My mother’s parents owned a farm near the Nooksack River downstream a few miles from Lynden. They expected their fields to be underwater for several months in the year, which they gladly traded for well-watered and fertile soil for their crops.

Their house was on stilts until they bought a parcel of high ground for their dwelling, barn, chicken coops, and machinery shed. When my mother was born during a March flood, my grandfather fetched the midwife in a row boat, a mode of transportation he knew well.

My mother’s father was born on the polders of the Netherlands and grew up in the Dutch community on Whidbey Island where he learned to live on the water. This was before the Deception Pass bridge was built. He courted my grandmother in Lynden. To visit my grandmother, he and his brother rowed across the notorious whirlpools and tidal rips of the pass. I never heard what motivated his brother, but I like to stretch the point and say that I was born to the product of a daredevils in rowboats and spring floods.

I’ve gotten emails from all over asking if my family is okay in this much publicized flood. I answer that like most longtime Whatcom County residents, we have learned to live with the fall and spring floods that arrive most years; this year’s flood is was higher than usual but not unheard of.

Lest anyone doubt, I agree that the climate is changing, but climate is averages and statistical norms; weather is the events of a single day or week.
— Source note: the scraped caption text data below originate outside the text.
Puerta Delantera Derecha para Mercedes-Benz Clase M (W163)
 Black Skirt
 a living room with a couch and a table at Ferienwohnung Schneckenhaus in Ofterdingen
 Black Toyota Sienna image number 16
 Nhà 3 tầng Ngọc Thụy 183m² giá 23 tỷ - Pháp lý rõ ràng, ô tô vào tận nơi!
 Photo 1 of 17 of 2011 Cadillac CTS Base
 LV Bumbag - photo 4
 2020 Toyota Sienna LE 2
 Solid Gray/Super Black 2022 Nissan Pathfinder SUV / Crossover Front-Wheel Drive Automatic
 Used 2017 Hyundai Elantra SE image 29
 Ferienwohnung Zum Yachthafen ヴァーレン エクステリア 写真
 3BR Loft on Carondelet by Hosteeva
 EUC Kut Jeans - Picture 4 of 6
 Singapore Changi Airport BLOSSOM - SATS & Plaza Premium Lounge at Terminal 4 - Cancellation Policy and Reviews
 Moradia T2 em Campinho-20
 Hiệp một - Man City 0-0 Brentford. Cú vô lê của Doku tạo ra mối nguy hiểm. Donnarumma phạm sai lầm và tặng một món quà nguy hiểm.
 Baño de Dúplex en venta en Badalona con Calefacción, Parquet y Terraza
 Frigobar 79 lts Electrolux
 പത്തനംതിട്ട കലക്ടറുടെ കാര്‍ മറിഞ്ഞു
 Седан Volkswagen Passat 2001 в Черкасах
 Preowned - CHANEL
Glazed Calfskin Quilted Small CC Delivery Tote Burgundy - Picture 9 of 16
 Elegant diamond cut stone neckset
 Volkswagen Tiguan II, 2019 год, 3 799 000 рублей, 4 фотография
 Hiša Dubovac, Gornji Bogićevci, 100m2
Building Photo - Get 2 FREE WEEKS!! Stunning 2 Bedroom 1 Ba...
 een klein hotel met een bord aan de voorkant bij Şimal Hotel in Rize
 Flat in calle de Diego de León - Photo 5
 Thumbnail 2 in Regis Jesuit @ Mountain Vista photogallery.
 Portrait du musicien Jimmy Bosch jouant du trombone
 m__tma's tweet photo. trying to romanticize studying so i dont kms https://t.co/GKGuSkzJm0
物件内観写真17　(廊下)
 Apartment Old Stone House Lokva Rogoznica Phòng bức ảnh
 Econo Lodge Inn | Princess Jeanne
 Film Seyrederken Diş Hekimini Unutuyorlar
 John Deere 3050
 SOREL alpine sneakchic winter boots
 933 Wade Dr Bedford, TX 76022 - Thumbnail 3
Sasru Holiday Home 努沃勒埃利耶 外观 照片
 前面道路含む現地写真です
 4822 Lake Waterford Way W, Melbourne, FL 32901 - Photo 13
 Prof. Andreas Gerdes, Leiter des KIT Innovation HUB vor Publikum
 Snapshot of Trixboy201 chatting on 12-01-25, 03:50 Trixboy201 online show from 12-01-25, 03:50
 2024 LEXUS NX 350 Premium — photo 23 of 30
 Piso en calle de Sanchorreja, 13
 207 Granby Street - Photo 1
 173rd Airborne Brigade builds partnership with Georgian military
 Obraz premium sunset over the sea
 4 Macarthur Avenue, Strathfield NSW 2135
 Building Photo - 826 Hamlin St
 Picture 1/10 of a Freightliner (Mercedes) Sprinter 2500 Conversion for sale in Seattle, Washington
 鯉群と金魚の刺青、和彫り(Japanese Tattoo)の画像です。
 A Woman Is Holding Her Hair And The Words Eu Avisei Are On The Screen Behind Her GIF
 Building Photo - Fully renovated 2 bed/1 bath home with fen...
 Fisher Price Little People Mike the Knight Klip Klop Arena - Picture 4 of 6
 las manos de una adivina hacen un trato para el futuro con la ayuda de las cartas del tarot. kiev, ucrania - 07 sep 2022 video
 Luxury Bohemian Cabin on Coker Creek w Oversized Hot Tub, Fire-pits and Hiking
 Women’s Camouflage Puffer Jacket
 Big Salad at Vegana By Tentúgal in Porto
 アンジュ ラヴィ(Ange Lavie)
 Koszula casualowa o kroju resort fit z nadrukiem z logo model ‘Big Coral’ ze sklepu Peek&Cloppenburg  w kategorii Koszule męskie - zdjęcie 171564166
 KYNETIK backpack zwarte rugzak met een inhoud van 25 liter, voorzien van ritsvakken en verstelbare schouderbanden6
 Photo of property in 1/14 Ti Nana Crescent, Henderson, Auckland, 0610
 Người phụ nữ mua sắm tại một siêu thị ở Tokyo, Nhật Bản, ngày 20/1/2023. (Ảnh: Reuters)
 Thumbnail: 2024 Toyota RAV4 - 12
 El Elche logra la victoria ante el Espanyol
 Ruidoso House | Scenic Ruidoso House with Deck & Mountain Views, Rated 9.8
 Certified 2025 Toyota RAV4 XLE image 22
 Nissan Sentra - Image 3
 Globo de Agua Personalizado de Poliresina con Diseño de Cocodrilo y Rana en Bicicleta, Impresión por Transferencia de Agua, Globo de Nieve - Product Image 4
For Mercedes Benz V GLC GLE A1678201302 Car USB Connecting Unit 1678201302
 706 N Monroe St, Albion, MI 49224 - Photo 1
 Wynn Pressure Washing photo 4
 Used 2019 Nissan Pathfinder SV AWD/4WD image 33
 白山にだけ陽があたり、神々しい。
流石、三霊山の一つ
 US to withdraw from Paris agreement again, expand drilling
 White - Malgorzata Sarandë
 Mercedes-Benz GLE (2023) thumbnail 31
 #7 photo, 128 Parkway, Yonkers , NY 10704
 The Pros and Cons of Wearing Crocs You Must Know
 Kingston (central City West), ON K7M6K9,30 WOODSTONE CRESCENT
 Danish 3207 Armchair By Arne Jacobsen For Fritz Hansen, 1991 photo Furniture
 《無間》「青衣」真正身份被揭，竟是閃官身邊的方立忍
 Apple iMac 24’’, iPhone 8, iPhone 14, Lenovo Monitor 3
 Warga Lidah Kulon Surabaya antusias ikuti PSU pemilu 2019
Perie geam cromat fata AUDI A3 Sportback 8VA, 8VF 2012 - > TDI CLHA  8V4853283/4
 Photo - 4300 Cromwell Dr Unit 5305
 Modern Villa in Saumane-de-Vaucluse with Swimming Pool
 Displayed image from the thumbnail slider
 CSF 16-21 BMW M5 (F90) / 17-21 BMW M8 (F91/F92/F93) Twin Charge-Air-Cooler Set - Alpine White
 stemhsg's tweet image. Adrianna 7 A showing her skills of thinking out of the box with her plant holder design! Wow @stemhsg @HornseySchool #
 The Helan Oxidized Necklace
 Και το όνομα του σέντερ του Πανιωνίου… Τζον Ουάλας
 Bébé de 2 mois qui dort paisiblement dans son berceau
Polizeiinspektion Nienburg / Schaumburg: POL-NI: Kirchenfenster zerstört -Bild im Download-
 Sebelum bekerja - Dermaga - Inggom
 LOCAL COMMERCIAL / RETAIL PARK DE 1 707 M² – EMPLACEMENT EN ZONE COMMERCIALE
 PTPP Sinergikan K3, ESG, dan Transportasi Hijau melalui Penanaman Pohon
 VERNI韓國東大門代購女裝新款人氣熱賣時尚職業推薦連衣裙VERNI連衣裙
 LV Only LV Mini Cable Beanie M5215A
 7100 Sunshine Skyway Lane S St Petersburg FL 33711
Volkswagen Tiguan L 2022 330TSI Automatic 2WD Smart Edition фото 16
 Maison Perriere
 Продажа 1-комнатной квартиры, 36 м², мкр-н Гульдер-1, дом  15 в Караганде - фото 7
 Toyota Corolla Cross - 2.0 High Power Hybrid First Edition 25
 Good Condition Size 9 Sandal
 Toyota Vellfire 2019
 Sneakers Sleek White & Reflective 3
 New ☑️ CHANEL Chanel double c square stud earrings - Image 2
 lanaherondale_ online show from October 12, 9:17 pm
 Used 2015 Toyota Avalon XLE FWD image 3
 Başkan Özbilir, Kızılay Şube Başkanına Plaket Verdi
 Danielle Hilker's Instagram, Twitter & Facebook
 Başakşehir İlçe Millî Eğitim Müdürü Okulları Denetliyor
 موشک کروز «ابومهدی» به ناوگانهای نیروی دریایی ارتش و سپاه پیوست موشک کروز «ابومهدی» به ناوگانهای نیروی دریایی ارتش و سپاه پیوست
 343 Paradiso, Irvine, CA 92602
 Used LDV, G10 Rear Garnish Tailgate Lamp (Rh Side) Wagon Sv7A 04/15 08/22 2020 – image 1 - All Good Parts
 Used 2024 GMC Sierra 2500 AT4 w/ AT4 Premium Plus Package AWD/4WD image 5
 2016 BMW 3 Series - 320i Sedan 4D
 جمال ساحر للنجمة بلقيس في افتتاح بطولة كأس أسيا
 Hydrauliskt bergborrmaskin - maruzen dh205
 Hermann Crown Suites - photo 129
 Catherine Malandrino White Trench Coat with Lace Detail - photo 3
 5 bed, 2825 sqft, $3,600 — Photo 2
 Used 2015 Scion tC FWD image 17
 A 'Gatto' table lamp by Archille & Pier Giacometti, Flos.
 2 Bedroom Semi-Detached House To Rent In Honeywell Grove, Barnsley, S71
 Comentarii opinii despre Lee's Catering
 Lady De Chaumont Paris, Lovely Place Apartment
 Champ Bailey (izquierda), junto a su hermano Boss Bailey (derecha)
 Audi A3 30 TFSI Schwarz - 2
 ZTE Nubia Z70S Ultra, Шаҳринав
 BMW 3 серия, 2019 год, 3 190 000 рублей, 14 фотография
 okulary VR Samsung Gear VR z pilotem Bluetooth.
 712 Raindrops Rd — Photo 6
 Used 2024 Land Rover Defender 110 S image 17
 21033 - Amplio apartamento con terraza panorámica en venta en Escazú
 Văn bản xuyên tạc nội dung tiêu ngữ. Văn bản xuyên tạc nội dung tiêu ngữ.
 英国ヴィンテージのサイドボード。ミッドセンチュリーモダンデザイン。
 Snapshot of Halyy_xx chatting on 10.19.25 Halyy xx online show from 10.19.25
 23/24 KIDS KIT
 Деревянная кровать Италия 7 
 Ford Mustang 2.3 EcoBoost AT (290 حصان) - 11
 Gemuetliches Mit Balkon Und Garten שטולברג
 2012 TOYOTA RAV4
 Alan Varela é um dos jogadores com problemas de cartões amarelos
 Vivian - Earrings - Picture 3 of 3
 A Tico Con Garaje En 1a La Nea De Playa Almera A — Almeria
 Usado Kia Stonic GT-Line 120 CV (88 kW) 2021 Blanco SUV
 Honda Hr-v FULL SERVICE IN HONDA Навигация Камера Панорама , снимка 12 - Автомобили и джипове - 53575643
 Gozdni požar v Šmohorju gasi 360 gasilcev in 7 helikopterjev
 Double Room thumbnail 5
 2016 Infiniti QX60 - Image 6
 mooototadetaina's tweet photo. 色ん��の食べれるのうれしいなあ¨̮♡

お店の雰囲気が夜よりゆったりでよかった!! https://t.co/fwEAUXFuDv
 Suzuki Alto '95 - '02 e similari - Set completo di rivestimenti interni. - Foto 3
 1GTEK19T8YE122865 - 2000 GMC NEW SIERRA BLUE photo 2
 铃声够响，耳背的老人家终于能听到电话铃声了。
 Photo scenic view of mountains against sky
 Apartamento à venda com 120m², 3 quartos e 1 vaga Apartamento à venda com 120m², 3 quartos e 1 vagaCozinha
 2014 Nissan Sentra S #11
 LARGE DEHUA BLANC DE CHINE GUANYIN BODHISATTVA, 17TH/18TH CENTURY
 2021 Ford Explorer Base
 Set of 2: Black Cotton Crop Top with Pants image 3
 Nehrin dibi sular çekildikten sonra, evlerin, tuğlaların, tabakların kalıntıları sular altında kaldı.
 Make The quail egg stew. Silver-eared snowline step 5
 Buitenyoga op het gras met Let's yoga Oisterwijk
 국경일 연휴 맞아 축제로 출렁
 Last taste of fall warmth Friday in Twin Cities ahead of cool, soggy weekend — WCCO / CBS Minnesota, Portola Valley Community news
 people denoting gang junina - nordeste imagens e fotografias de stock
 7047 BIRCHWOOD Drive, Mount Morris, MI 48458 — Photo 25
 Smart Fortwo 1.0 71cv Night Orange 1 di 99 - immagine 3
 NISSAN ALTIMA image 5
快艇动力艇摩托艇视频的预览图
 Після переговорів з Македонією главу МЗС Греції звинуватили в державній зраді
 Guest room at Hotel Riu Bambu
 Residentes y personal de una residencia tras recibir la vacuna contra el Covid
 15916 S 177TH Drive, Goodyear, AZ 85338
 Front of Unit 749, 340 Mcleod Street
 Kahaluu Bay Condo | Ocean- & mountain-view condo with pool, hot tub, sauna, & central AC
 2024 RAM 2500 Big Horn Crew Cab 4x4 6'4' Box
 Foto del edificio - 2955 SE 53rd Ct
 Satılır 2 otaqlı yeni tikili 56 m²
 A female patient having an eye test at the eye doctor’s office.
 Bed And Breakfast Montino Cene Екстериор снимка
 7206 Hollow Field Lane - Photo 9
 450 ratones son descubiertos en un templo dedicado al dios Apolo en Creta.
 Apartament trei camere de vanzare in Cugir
Climate change can be detected with objective answerable questions, like ‘was the average July temperature at a give spot between 1950 and 1980 the same, higher, or lower than the same average between 1980 and 2020?’ Consult the records and you have an answer.

The folks who do those calculations say climate has changed. With all the changes I’ve seen in my lifetime, I’m not surprised, and I don’t think climate change is a hoax. However, a lot of the talk I hear about climate change is, in my opinion, uninformed and not as factual as I would like it to be.

We should all feel sorry for the sufferings of those driven out of their homes by the floods and do whatever we can to help, but I still enjoyed the weather this week: heavy rain splatting in my face and rising waters revealing the contours of the earth in ways that are unseen on lesser days.

The weather service predicts the atmospheric river will return for a reenactment next week. The meteorologists know more than I do, but this morning, looking at the sky and the mountain, I have doubts.

We’ll see. I’m used to being proven wrong.